Credit: AP Photo/Mel EvansLaux said she was committed to working with stakeholders and lawmakers to update the funding formula, though she gave little detail on how she planned to achieve that over the next year.
Lawmakers, staunchly divided between party lines, argued over money.
“I haven’t seen too many issues as hot as education and its funding,” Assemblyman Gerry Scharfenberger (R-Middletown) said. “Schools across the state are in a financial free fall — there’s no way to sugarcoat that.”
School boards in recent weeks have proposed a variety of ways to close budget holes they foresee in the 2026-27 school year, including closing school buildings, laying off staff, cutting programs and even selling district-owned properties.

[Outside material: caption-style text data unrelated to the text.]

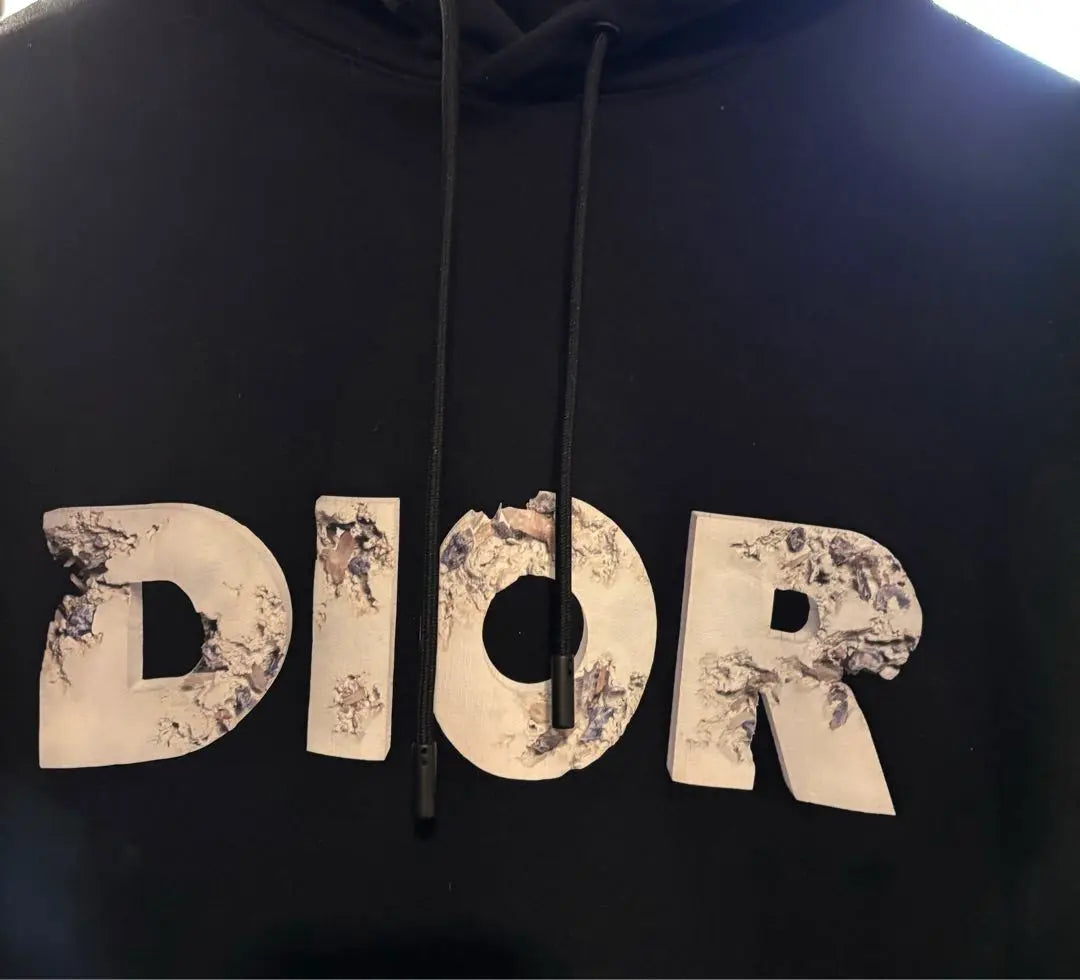 [Excellent condition] Dior DANIEL ARSHAM logo pullover hoodie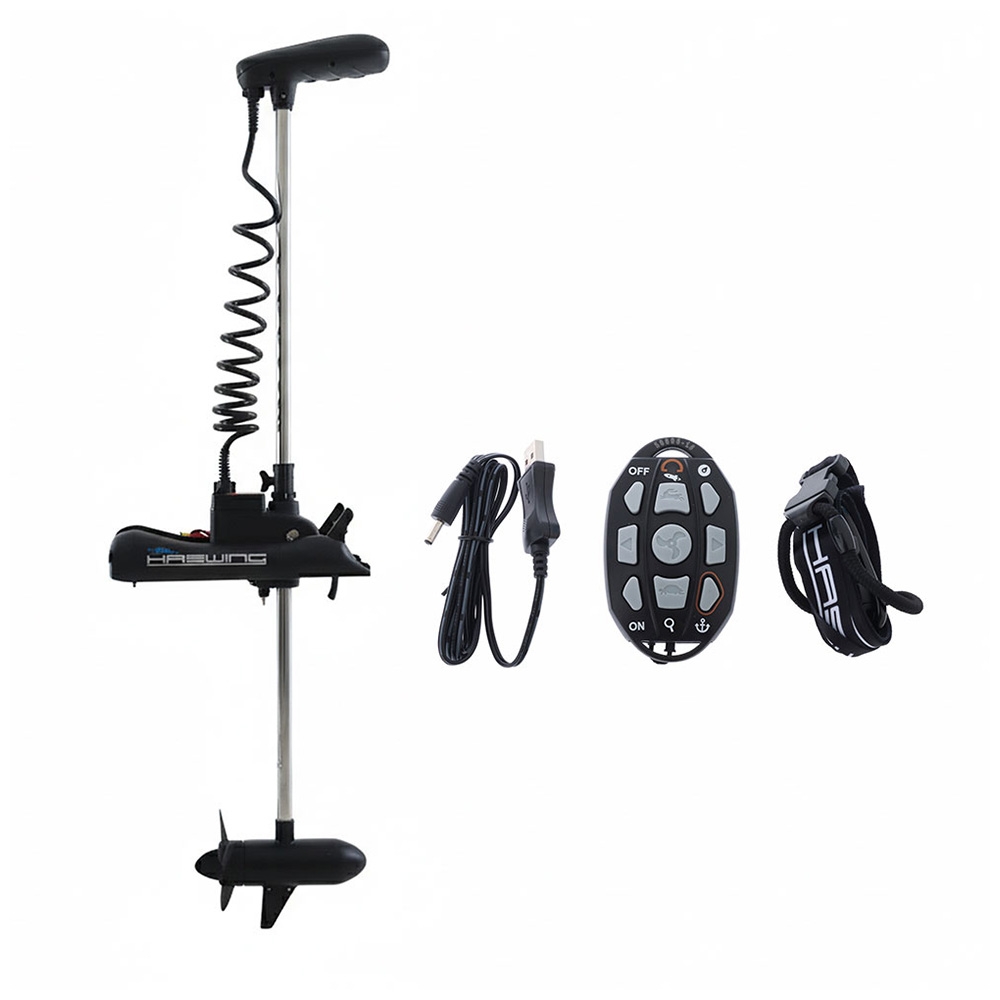 Haswing Cayman B 50736 Gen1.6 GPS Trolling Motor 60in 55lb 12V Black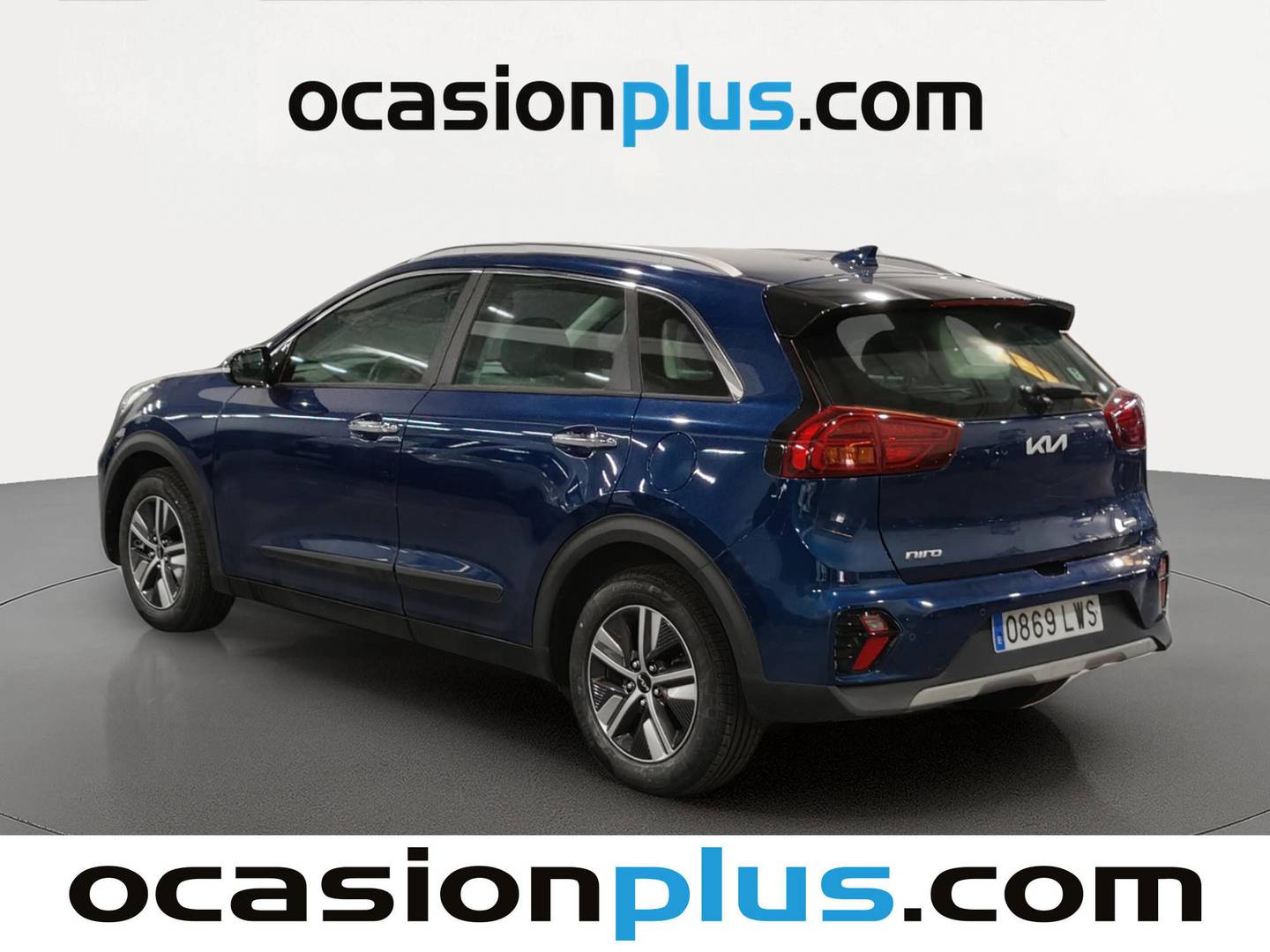 Foto delantera KIA Niro KIA Niro 1.6 GDi HEV Híbrido Drive (141 CV) derecha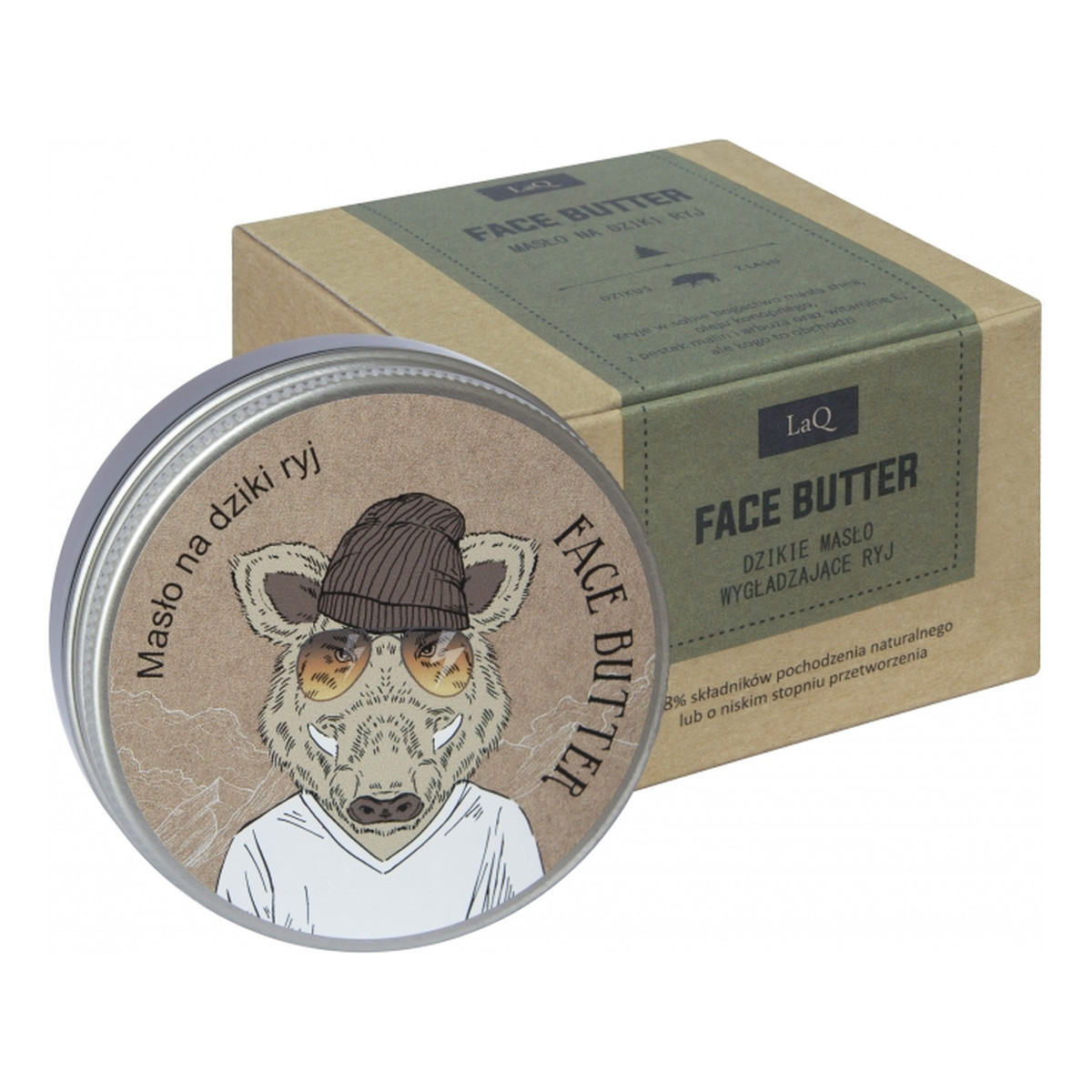 Laq Face Butter naturalne masełko do twarzy Dzik 50ml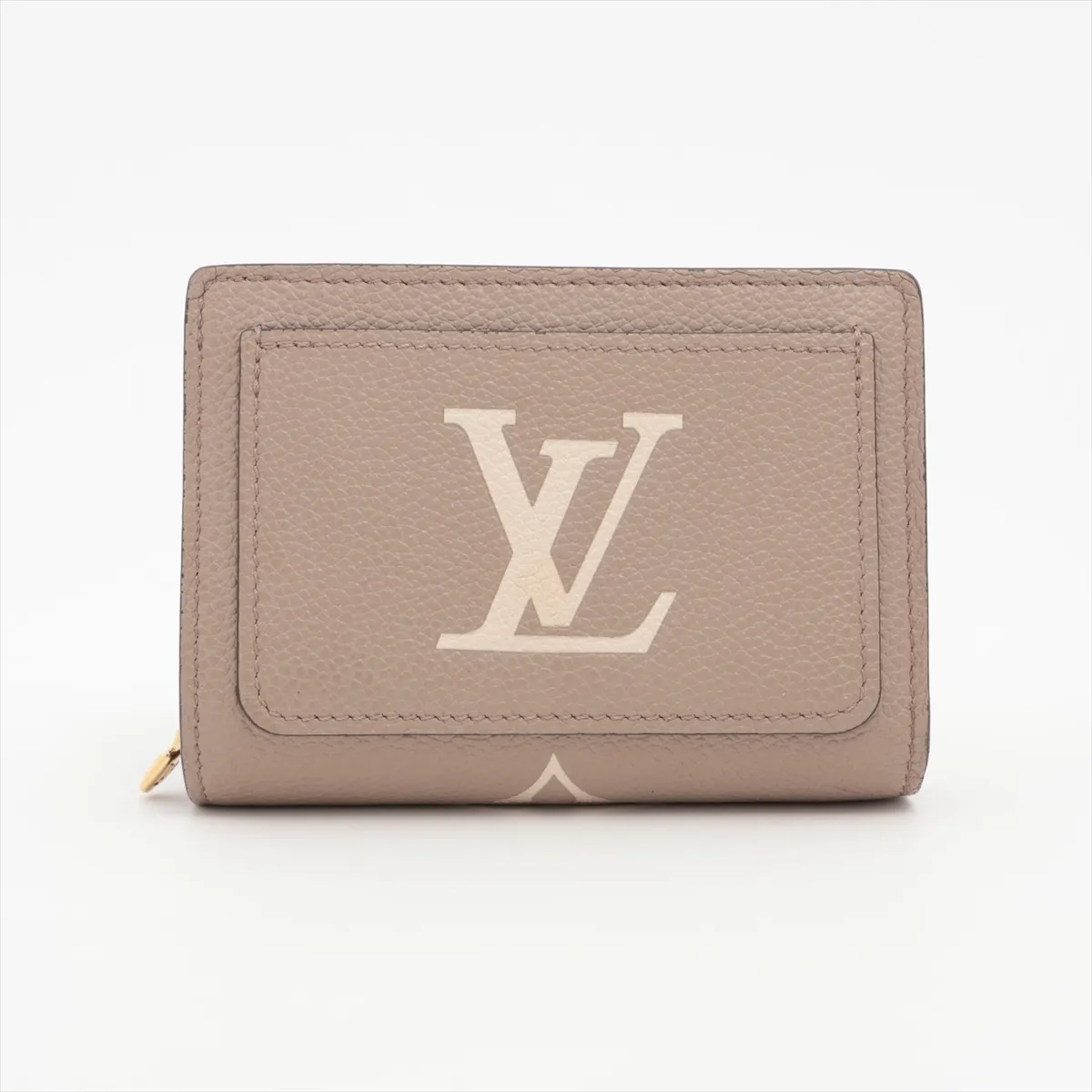 Bicolor Monogram Empreinte Portefeuille Claire M82370 Tourtrell Compact Wallet (RFID detected)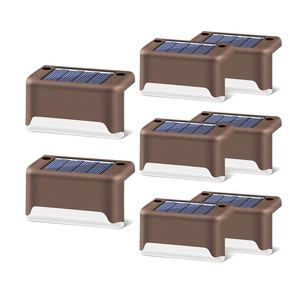 Lampes de terrasse <span class=keywords><strong>LED</strong></span> solaire sans fil, imperméable conforme à la norme IP65, économie d'énergie, éclairage d'extérieur, luminaire décoratif, idéal pour un jardin ou une clôture, 16 unités - Product Image 1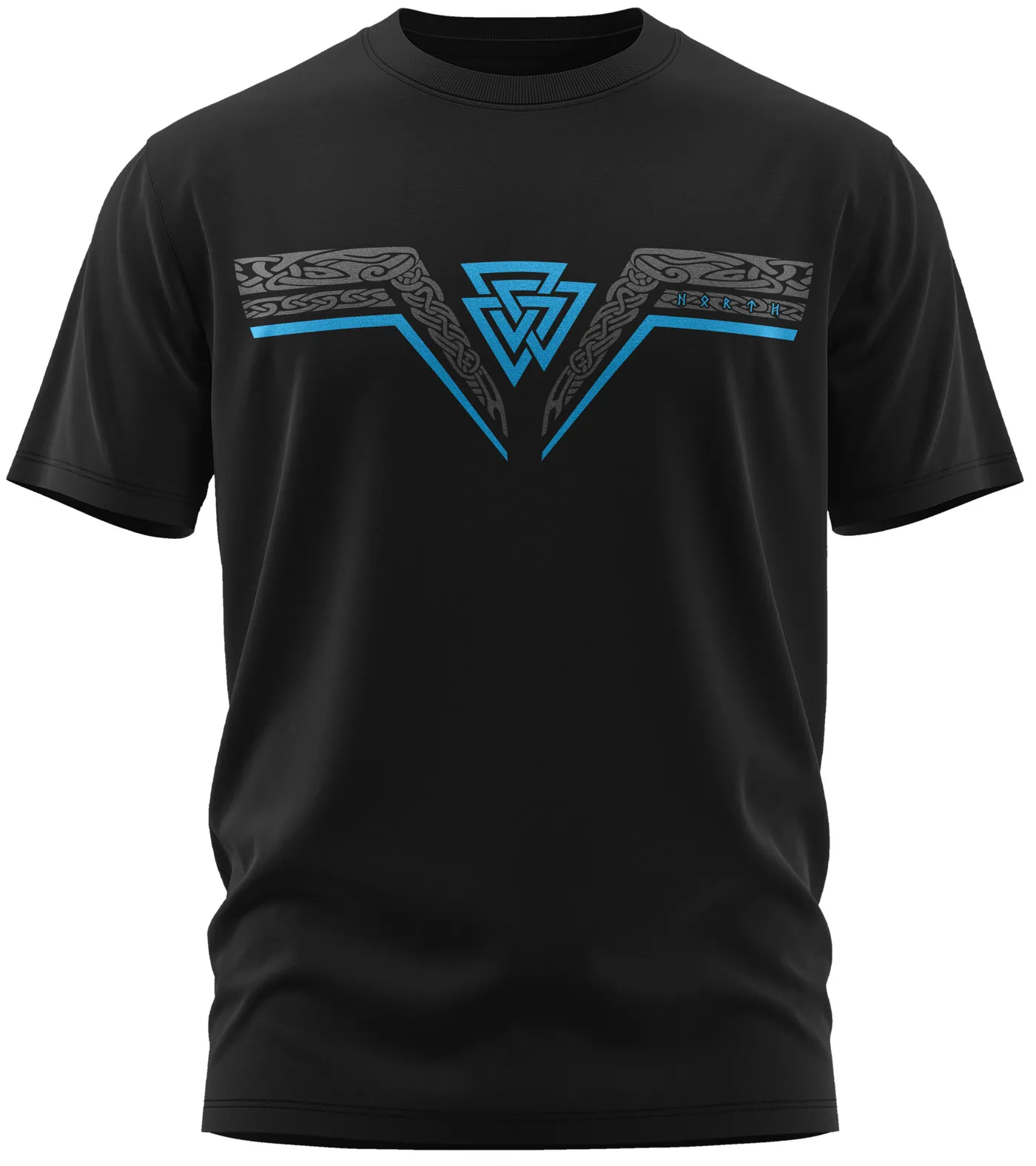 Valknut – Tiefseeblau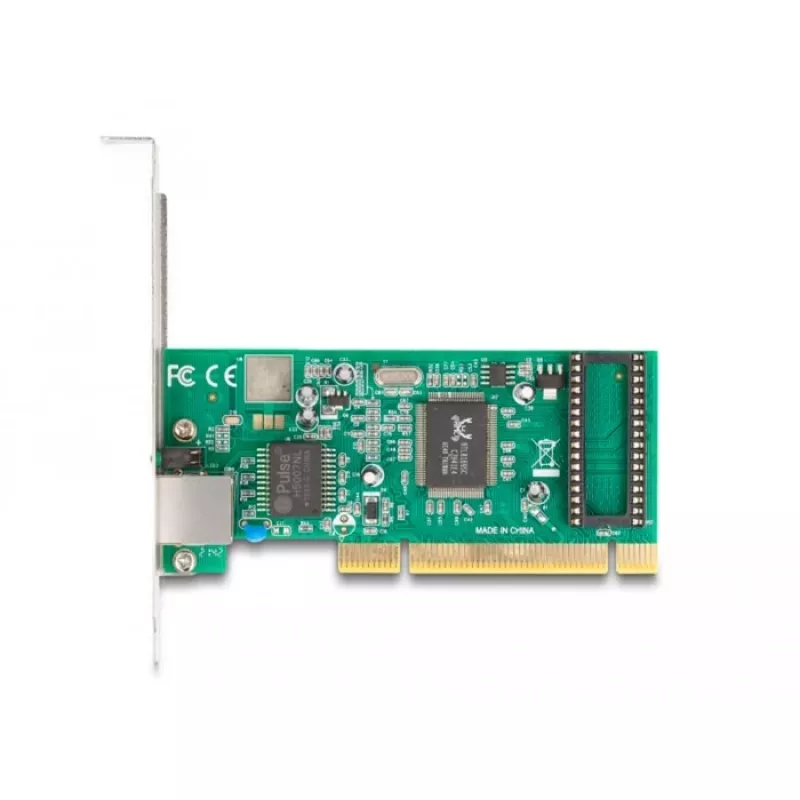 DeLOCK PCI kortelė į 1 x RJ45 Gigabit LAN RTL Full-height Low-profile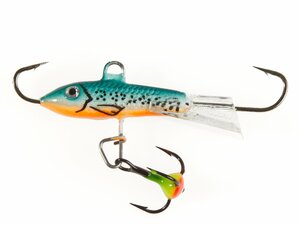 Балансир Lucky John CLASSIC 3 с тр. 30мм/53 блистер, фото 5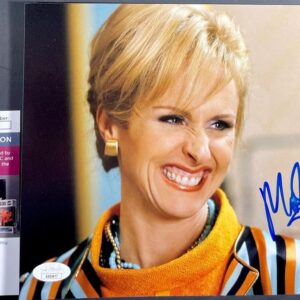 Molly Shannon Signed Pushing Daisies 8x10 Photo B Autograph Dilly Balsam JSA COA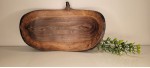 Natural Edge Winged Black Walnut Bowl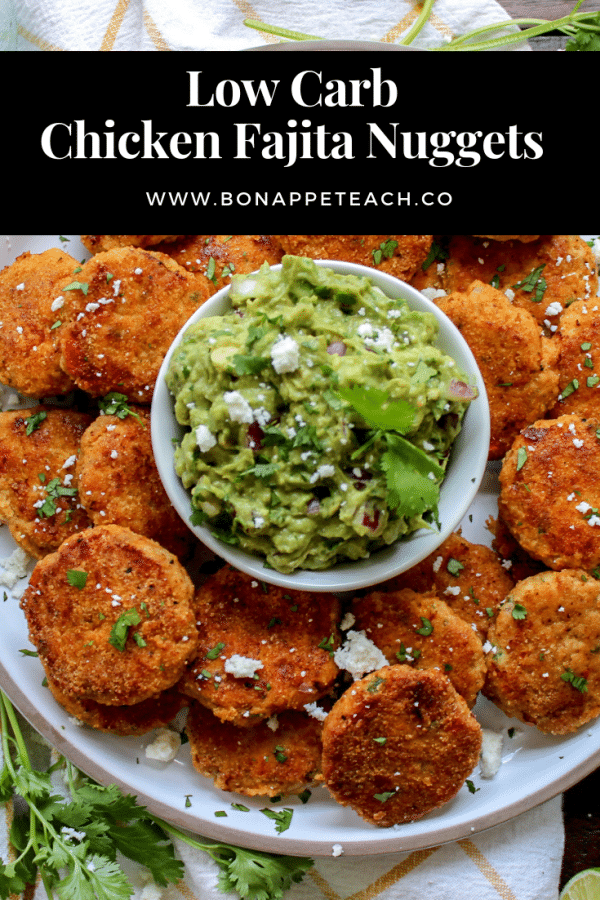 Low Carb Fajita Chicken Nuggets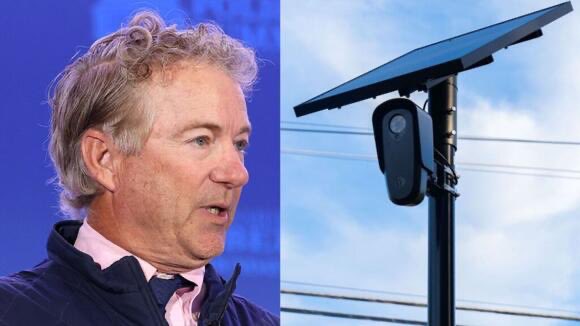 KaceeRAllen's tweet photo. “We could cancel every Flock contract tomorrow, and the surveillance problem remains, because a competitor takes the contract the next day.

The fix isn't a boycott of one vendor. It's a warrant requirement.”

- Senator Rand Paul https://t.co/CSfDshV9iq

About 400 of the state’s 600 school districts would see more money in next year’s budget than this year, while 167 districts would see cuts, according to projected state aid figures.
“We have to not lose sight of the districts that are getting hurt, and the message to those districts is ‘your property taxes are not high enough,’” Scharfenberger said. “We just can’t keep going back to that same well, the taxpayers, to bail out the enormous jumps and gaps in budgets every year.”
He noted that districts from Cherry Hill to Jefferson have recently announced some drastic measures to reduce budget gaps in the upcoming school year.
“There are a variety of reasons for this and I certainly wouldn’t want the message here to be about continuing to raise taxes,” Laux said. “When we look at the whole system, we are seeing this happen on a very large scale — it’s not just a handful of districts that the system isn’t working for.”
Among the top reasons that districts are facing tough choices, she said, are enrollment declines and rising costs that outpace inflation for health care, transportation and energy.
Teachers and other public school staffers are facing steep increases for coverage by New Jersey’s health benefits plan, according to a report for the state Treasury Department. The program’s crisis “faces similar structural challenges that could throw it into an actuarial ‘death spiral’ if significant reforms to contain spending and cost growth are not implemented soon,” the report stated.
“This year’s budget, we had a short timeline” to consider real changes to the school aid formula that could address districts’ budgets, Laux said. She added that in the coming months she wants to go beyond “tweaks” to the formula and “actually look at substantively how we can ensure the formula works better and how we drive down costs” that are straining the system.